I do wish I had saved my Chris Ware/Andrew Bird screen-printed posters. I sold everything with such a frenzy on Ebay when I was purging the accumulated madness from my life, but I would've happily given the poster to you had I known your interest.
-R.
I'm interested; to see; what's to come; I enjoyed the writing and the scattered use of media. I see how Andrew Bird like most things of great artistic prowess would take one into not being atheist, but I am wary of the role you give the artist, in defining the why in life. One could say the same of a Mark Rothko painting when standing in front of it. But Rothko killed himself. Bird like all other artists seems only human and although he has commodified his art to your extreme sensitivities of artistic liking, it doesn't seem as if he or Rothko or any artist answers the question of why but rather postpones it. any thoughts?
ReplyDeleteThis comment has been removed by the author.
ReplyDeleteRyan N.: A Chris Ware poster would have been the bee's knees, but it's the thought that counts.
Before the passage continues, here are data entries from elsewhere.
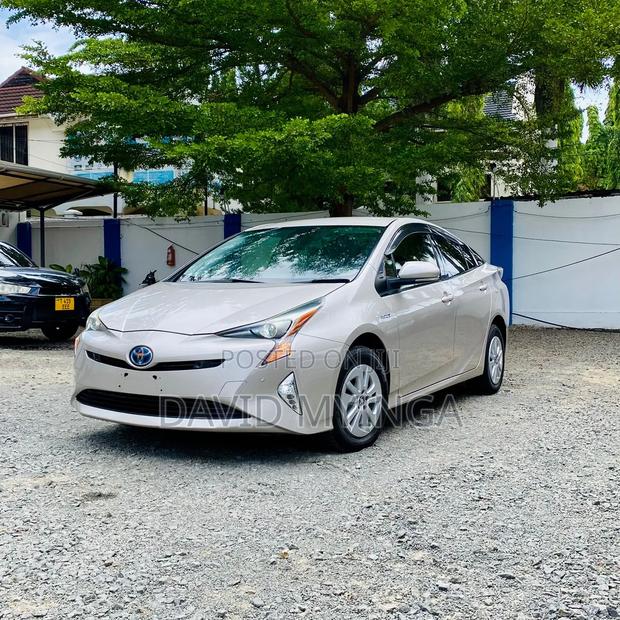 Toyota Prius 2017 Silver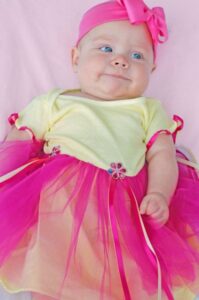 pembe kız bebek elbise modeli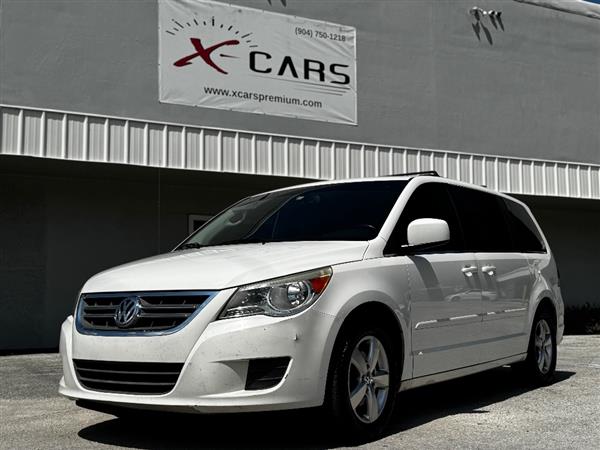 2011 Volkswagen Routan SE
If your bouncing thoughts ever formulate themselves, be sure to let me know. The conclusion that I came to was that science and religion are asking different questions, so there's no reason why they shouldn't be compatible.
ReplyDeleteRyan I.: I'm not insinuating that the artist defines "the why in life." I'm arguing that he defines why he makes art. (Bird, for instance, has said that he makes art to pull people out of the everyday.) In many cases--your Rothko, perhaps--the artist may not be able to define his reasons. Still, those reasons can't be intuited by an outsider.
By the same lines, if there is a God who made the world, only he can explain why. Through observation, we may be able to deduce his means of doing so, but not his intent.
PS: Though many of the borderline-creepy-stalker fans I met at the show would stone me for saying so, Bird is only human. Every time I've seen him, he's screwed up a song at least once and cut himself short mid-loop. If paint him as godlike, I am referring to his level of creativity, not his perfection.
PPS: I warned you about them semicolons.